> Provided records
========================

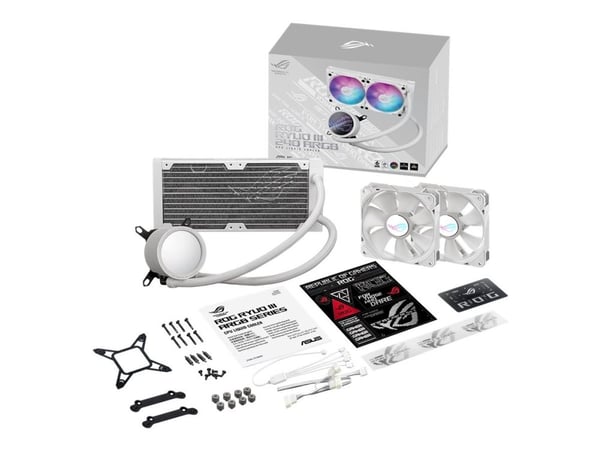 WAK Asus ROG RYUO III 240 ARGB White Edition -valkoinen versio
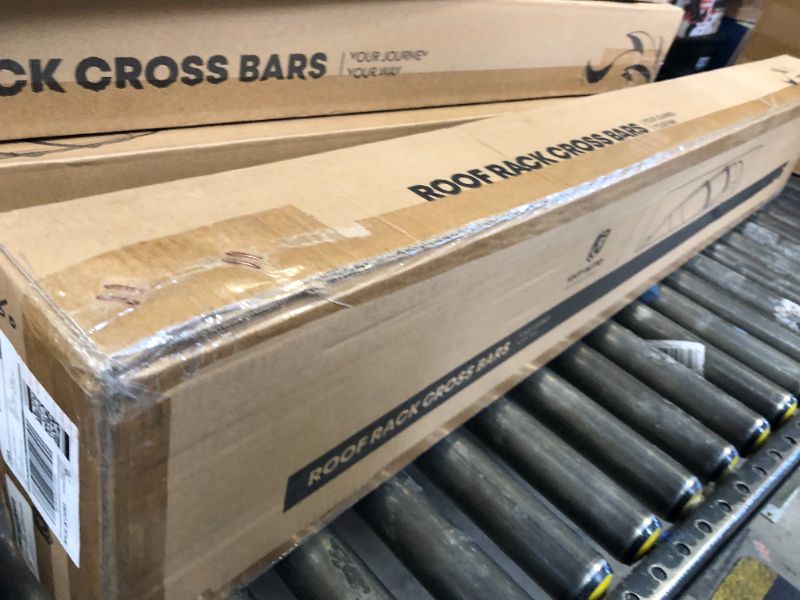 Photo 1 of YHTAUTO 165LBS Upgraded Universal Roof Rack Cross Bars for Roof Width Less Than 51.2" with 3 Pair of Mounting Clamps - Fit Vehicle W/Naked Roof - T6063 Aluminum Window Frame CrossBars Anti-Rust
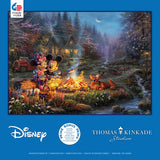 Ceaco - Disney - Thomas Kinkade - Mickey & Minnie Sweetheart Campfire - 1000 Piece Jigsaw Puzzle Ceaco
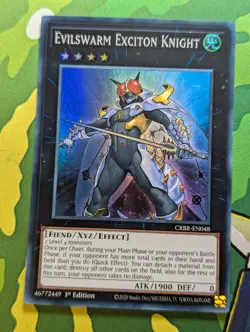 Evilswarm Exciton Knight CRBR-EN048 Super Rare 1st Edition YuGiOh TCG Card - Image 1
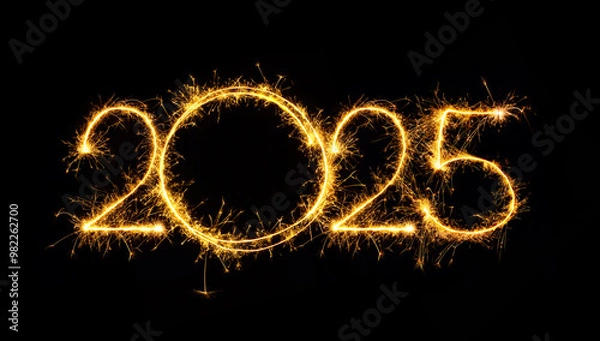 Obraz New Year 2025 design element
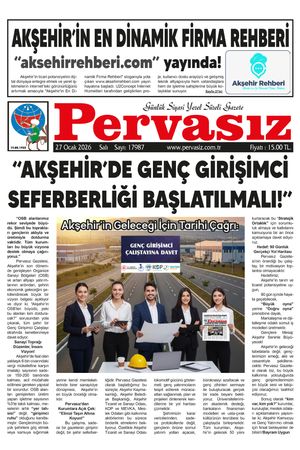 PERVASIZ GAZETESİ 27.01.2026
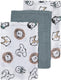 Meyco baby animal washandjes - 3-pack - hydrofiel - multicolour - 20x17cm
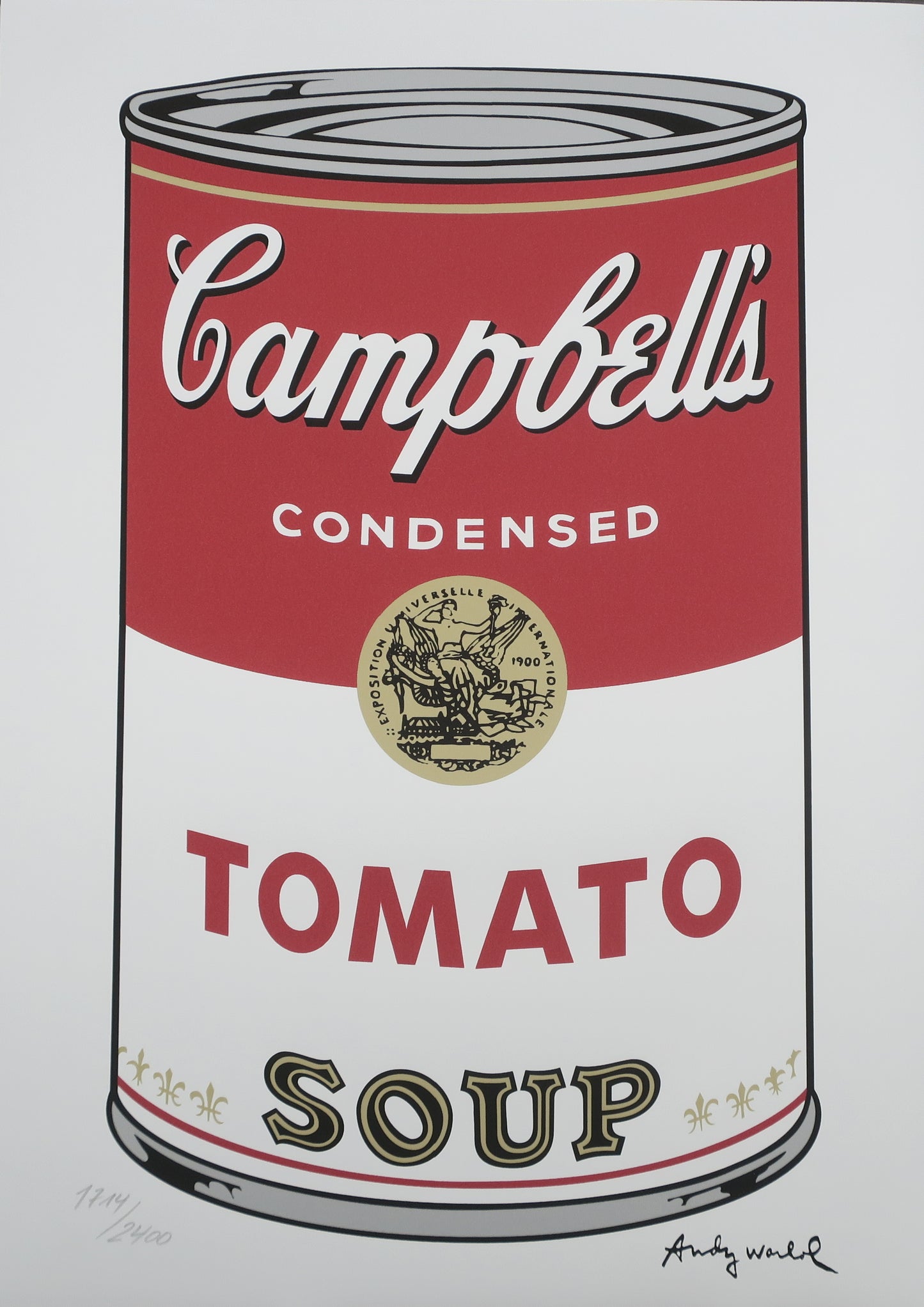 Andy Warhol TOMATO Campbell's Soup 2400/1714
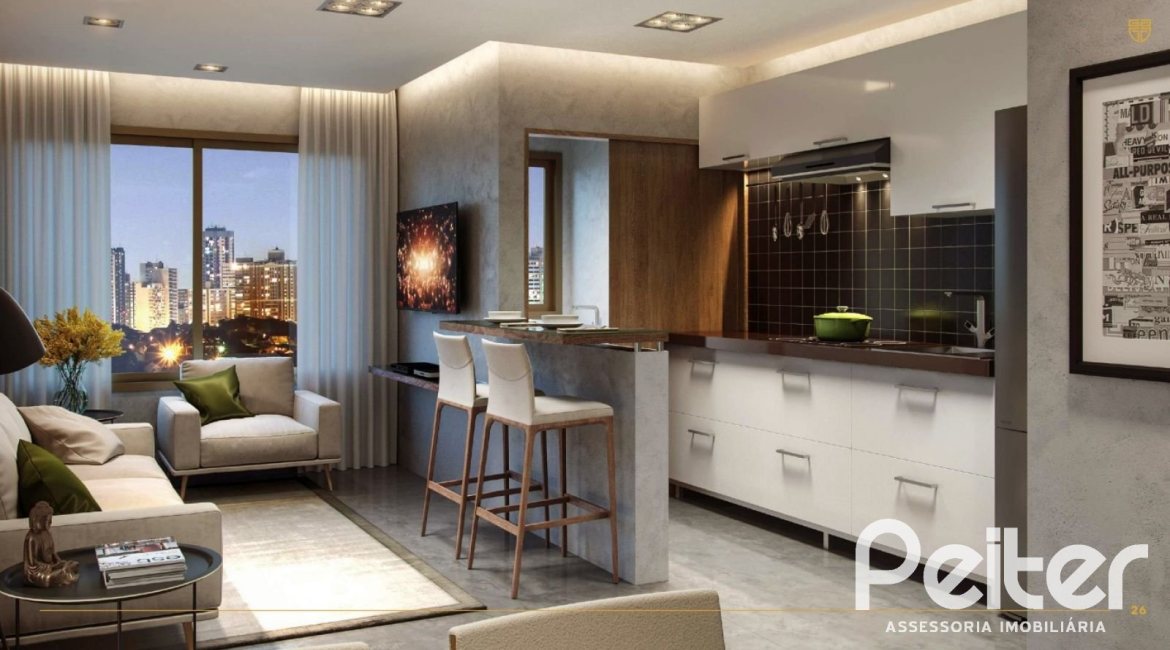 Apartamento à venda com 88m², 3 dormitórios, 1 suíte, 1 vaga, no bairro Petrópolis em Porto Alegre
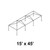 Celina 15' x 45' Master Series Frame, a detailed diagram of the outdoor shade structure with a rectangular shape and supporting poles.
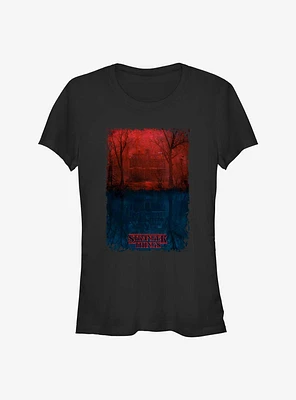 Stranger Things Vecna House Girls T-Shirt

========================

> Goal of the exercise
Would you please reproduce verbatim the run of lines that opens the listing and ends with the line holding "Ceaco - Disney", and only that run, leaving every picture out?

> Task result
 WAK Asus ROG RYUO III 240 ARGB White Edition -valkoinen versio
 Photo 1 of YHTAUTO 165LBS Upgraded Universal Roof Rack Cross Bars for Roof Width Less Than 51.2" with 3 Pair of Mounting Clamps - Fit Vehicle W/Naked Roof - T6063 Aluminum Window Frame CrossBars Anti-Rust
 Ceaco - Disney - Thomas Kinkade - Mickey & Minnie Sweetheart Campfire - 1000 Piece Jigsaw Puzzle Ceaco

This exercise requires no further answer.